Bash loop Through CSV but left last row value with newline - json

I have case with loop. My task is to create json file with loop from csv data. Unfornunately when i generate field pk, the value is empty that make my json fault.This is the subset of my csv
table,pk
aaa,nik
aab,ida
aac,idb
aad,idc
aae,idd
aef,ide
...
This is my full code:
#!bin/bash
CSV_LIST="/xxx/table_lists.csv"
DATA=${CSV_LIST}
mkdir sqlconn
cd sqlconn
cat ${DATA} |
while IFS=',' read table pk ; do
PK= echo ${pk} | tr -d '\n'
cat > ./sqlservercon_$table.json << EOF
{"name" :"sqlservercon_$table","config":{"connector.class":"io.confluent.connect.jdbc.JdbcSinkConnector","topics":"$table",
...
,"pk.fields":" $PK","pk.mode":"record_value","destination.table.format":"db.dbo.$table","errors.tolerance":"all","flush.size":"10000"
}}
EOF
done
So the rendered result give me this:
{"name" :"sqlservercon_XXX","config":{"connector.class":"io.confluent.connect.jdbc.JdbcSinkConnector","topics":"XXX",...
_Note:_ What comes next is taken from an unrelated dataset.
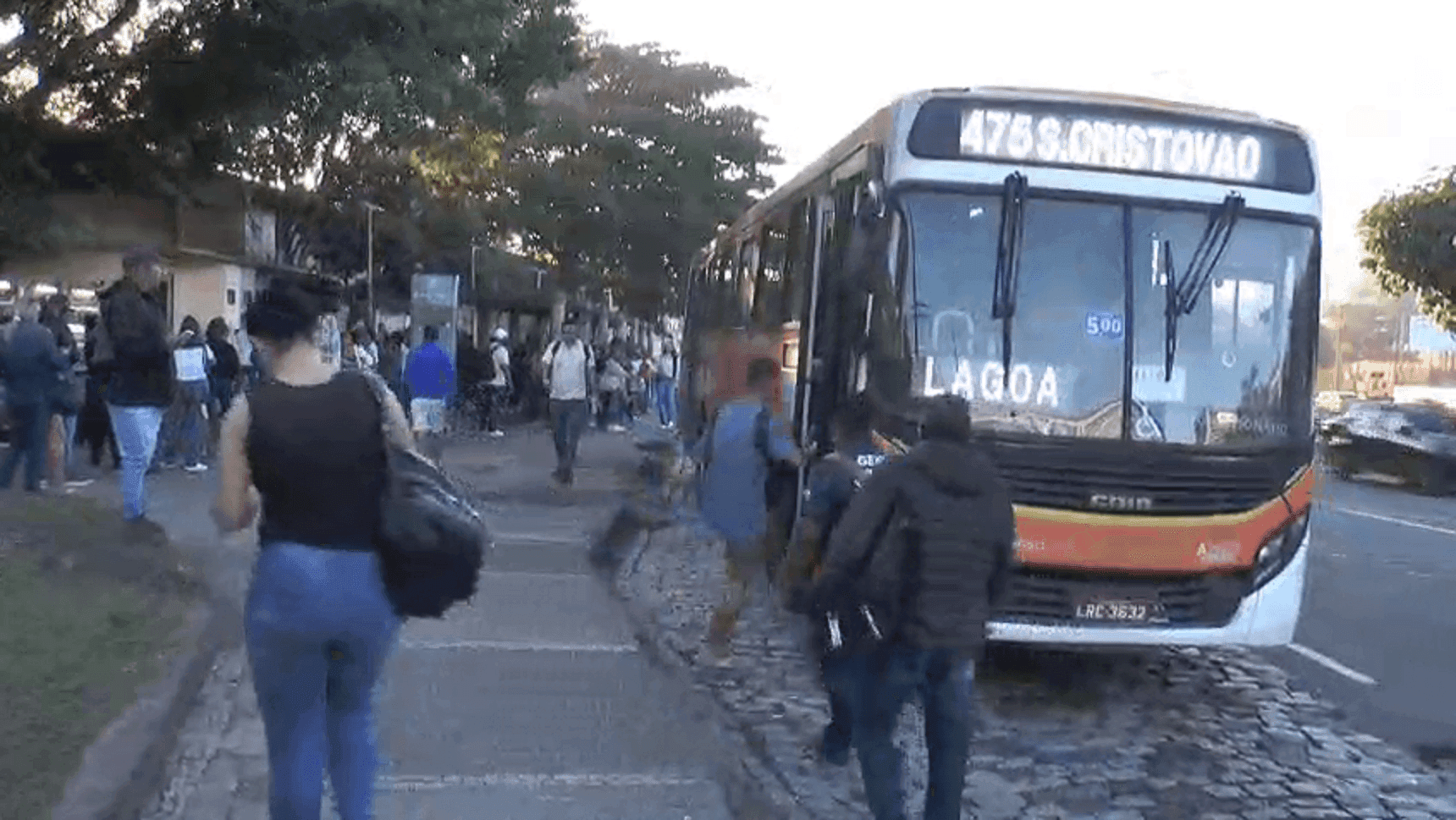Terceiro dia de greve dos rodoviários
,"pk.fields":" ","pk.mode":"record_value","destination.table.format":"XXX.XXX.XXX","errors.tolerance":"all","flush.size":"10000"
}}
but when i not edited my field pk
...,
"pk.fields":" $pk",
...
, it gives me wrong JSON file like this:
...,"pk.fields":" id
",...
Any helps are appreciated
UPDATE
When i check my csv using cat -v table_lists.csv the last column has ^M character that ruin the json file. But i still don't know how to deal with it.

In respect to the comments I gave, the following script were working
#!/bin/bash
cd /home/test
CSV_LIST="/home/test/tableList.csv"
DATA=${CSV_LIST}
# Prepare data file
sed -i "s/\r//g" ${DATA}
# Added for debugging purpose
echo "Creating connection file in JSON for"
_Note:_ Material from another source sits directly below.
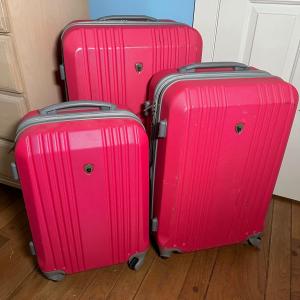 Photo of LOT 57X: Pink Olympia USA 3 Piece Luggage Set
# Print file content from 2nd line only
tail --lines=+2 ${DATA} |
while IFS=',' read TABLE PK ; do
# Added for debugging purpose
echo "Table: ${TABLE} and PK: ${PK}"
# Added missing $()
PK_TRIMMED=$(echo ${PK} | tr -d '\n')
cat > ./sqlservercon_${TABLE}.json << EOF
{"name":"sqlservercon_${TABLE}","config":{"connector.class":"io.confluent.connect.jdbc.JdbcSinkConnector","topics":"${TABLE}",...,"pk.fields":"${PK_TRIMMED}","pk.mode":"record_value","destination.table.format":"db.dbo.${TABLE}","errors.tolerance":"all","flush.size":"10000"}}
EOF
done

Okay, after several check, beside wrong script that i have give in here, I investigate the CSV file. I download it directly from Spreadsheet Google, even it's give me .csv, but not encoded right for UNIX or Ubuntu as my development environment.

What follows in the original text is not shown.